Если у вас есть экономический договор, и это все как единая экономика, все люди живут, работают – ну, так можно, наверное, какое-то время существовать. Но если такого договора экономического нет… А там еще было принято решение: в каждой республике свою валюту делать и так далее. Ну, это привело к очень большим экономическим проблемам. Потому что советская экономика была общая, и когда ее вот так разрезали на куски, да еще и управляли ею с разных сторон, конечно, возникли невероятные проблемы. И вот здесь мы подходим к самому главному такому вопросу.

Иначе говоря, можно, на мой взгляд, сказать: да, национальная самостоятельность, самоидентификация, национальная культура, язык – все это нормально и прекрасно, и пускай будет, и ничего в этом нет плохого. Но экономику надо делать рационально, а не по лекалам политических решений. Потому что принятие политических решений в отношении экономики: «Мы сейчас все разделим, поделим, везде сделаем собственную валюту и так далее, и так далее…»

Знаете, как меня спрашивали в одной из крупных стран? Меня премьер-министр спрашивал… Я лучше не буду говорить, о какой республике речь идет. Вот они попросили, чтобы в Канаде им изготовили оборудование для печатания денег. Я говорю: «Ну, понятно». Но потом им из Канады сообщают: «Оборудование готово. Приезжайте, принимайте работу».

Ну, они приехали, им все это понравилось. И эти говорят: «Ну, тогда, когда вы рассчитаетесь, забирайте. Заплатите и забирайте». Они говорят: «Не понимаем. Что заплатите? Напечатайте и возьмите себе деньги. Это же оборудование, чтобы деньги делать?» – «Да, деньги делать». – «Вот и напечатайте себе, сколько нужно вам денег».

Ксения Свердлова: Простой подход.

Григорий Явлинский: Да. Так вот, он меня спрашивает, премьер-министр (это был премьер-министр Японии), он меня спрашивает: «Это вот шутка такая? Или они так рассуждают?» И вот что мне было отвечать? Я вас уверяю, что они так рассуждали: «Ну как? Сделали машину для производства денег? Ну и напечатайте. Сколько там она стоит? Сколько стоит, столько и…» Вот в чем было дело.

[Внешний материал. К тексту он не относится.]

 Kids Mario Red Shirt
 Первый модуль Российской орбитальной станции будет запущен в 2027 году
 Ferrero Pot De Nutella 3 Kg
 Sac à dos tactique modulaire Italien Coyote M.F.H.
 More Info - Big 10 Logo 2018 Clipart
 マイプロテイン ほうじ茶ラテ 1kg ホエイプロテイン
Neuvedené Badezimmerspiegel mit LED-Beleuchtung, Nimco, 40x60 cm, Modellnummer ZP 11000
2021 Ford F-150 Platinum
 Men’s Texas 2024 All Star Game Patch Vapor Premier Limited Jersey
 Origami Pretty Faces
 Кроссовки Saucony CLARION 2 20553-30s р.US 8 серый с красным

Какое, например, значение все это имеет для нашего сегодняшнего разговора? А вот смотрите. Люди совершенно некомпетентные в Беловежской пуще и не в Беловежской пуще, люди совершенно самоуверенные, люди абсолютно уверенные в том, что они все знают, а на самом деле совершенно некомпетентные, принимают решения. И, конечно, мы имеем вот такие последствия. Вот, пожалуйста, один из вопросов, который имеет колоссальное значение для будущего, имеет просто решающее значение для будущего, когда такие люди принимают решения.

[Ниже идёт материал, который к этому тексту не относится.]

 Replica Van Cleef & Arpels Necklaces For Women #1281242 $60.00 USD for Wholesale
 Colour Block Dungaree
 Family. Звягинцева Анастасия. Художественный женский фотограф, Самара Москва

И здесь еще, конечно, значительный фактор был – участие наших иностранных, как хотите, друзей/партнеров/коллег, их советы в наш адрес в то время. У них было два подхода. Это был политический подход – то есть они смотрели, какая у них цель. А цель у них была – «снять с доски» оппонента. Советский Союз был оппонентом. И была абсолютно политическая задача – ослабить его, дезинтегрировать, просто «снять с доски». Ну, в этом не было ничего удивительного, это понятно. А вторая задача была – дать советы, как перестраивать экономику, ну, с тем чтобы люди не страдали, чтобы они были довольные вот этим первым разделением.

Ну, про первое я тут… сейчас мы ничего не будем говорить. Мы, кстати, и сегодня сталкиваемся с очень серьезными геополитическими проблемами. Что касается второго: они давали советы, не понимая содержания и устройства советской экономики. Вот в чем было дело.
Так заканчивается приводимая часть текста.